It was a perfect evening to be sat out on the front porch, a fresh mug of black, sweet coffee in hand. Tiny wisps of steam rose but a small distance, before being lost in the night air.
I sat upon the swing chair my daddy had made when I was but a little child. It had lasted a long time, much like most of the things my daddy built; this cabin for example. Sighted by the side of his favourite fishing lake, he felled the trees and realised his dream. It was devasting that he was taken terminally ill only months after its completion.
In a contemplating mood, I gazed at the moon’s reflection upon the water. A gentle breeze caused tiny ripples, which in turn distorted it’s image. It reminded me of my own reflection when inside the Hall of Mirrors, during the carnivals visit back in town. It had been several years since I’d been back to both.
There were too many memories that needed laying to rest here, before I could contemplate dealing with those attributed to the townsfolk. I knew they meant well with all their upfront words of sympathy and apologies, but I knew behind closed doors those words were replaced with those of relief and jubilation.
My daddy wasn’t a popular man, hell, he was practically hated by everyone that knew him, or had the misfortune to cross his path. Hand in hand that meant growing up was tough, and making friends was tougher still. That’s the reason he built this cabin, a retreat from all the hatred. It was also why I chose to stay after he past away.
You see, there are two types of evil in this world. Pure evil like my daddy. Raised to drink and fight, who embraced his inner demons to the point of becoming one. There was fire in his soul, an unholy fire that only became fueled by the alcohol he consumed as if it were air itself.

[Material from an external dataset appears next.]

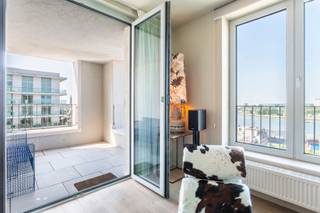 <p>Het oudste havengebied van Antwerpen, ’t Eilandje, heeft doorheen het ganse jaar zowel een vakantie als thuisgevoel. Door water omgeven en toch op 5 minuten in het centrum van ’t Stad. Wat wil je nog meer? <br /><br />Op de 14de verdieping van residentie “Westkaai 71” bevindt zich dit recent appartement van ca. 82 m², waar sereniteit en comfort harmonieus samenkomen. Dankzij de doordachte indeling en de grote raampartijen geniet het appartement van een aangename lichtinval en een ruimtelijk gevoel. Doorheen het volledige appartement werd gekozen voor een hoogwaardige parketvloer, wat zorgt voor een warme en stijlvolle uitstraling.</p>
<p>Wanneer we in de leefruimte terechtkomen zal u omvergeblazen worden van de magnifieke zichten over de Scheldebocht en de stad Antwerpen. Unieke zichten over unieke locaties, vanop het terras welke toegankelijk is vanuit de leefruimte.<br /><br />De op maat gemaakte keuken is geïnstalleerd met kwalitatieve toestellen en heeft een fijn contact met de leefruimte. Hiernaast vinden we een handige berging terug welke voorzien is van aansluitingen voor een wasmachine en droogmachine.<br /><br />Twee volwaardige slaapkamers delen een moderne badkamer voorzien van een douche in bad en een dubbele wastafel met opbergkasten.<br /><br />Een praktische kelderberging is inbegrepen in de prijs en biedt extra opbergruimte. Daarnaast bestaat de mogelijkheid om drie ondergrondse parkeerplaatsen aan te kopen aan € 37.300/stuk.</p>
<p>Je eigen uitkijkpost over de stad Antwerpen en de Schelde?<br />Kom deze samen met ons ontdekken, contacteer LISTED: +32 3 283 51 51.</p>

Then there’s the sinister evil, sly and vindictive. The type that festers behind closed doors and curtains, that whispers between those of like-minded affliction. Yet on the face of it, smiling masquerade masks shown to the world as if God himself had gifted them their halo. There were times when I wished it would slip around their necks and choke them whilst they slept.
I took a mouthful from the mug, the cool night air having reduced the coffee to a more easily consumable temperature, whilst rocking gently back and forth on the swing. The night was quiet and peaceful, a kind of anti climax to the storm that was brewing. I loved my daddy for many reasons, but the fact I was a demon’s daughter was by far the one top of the list.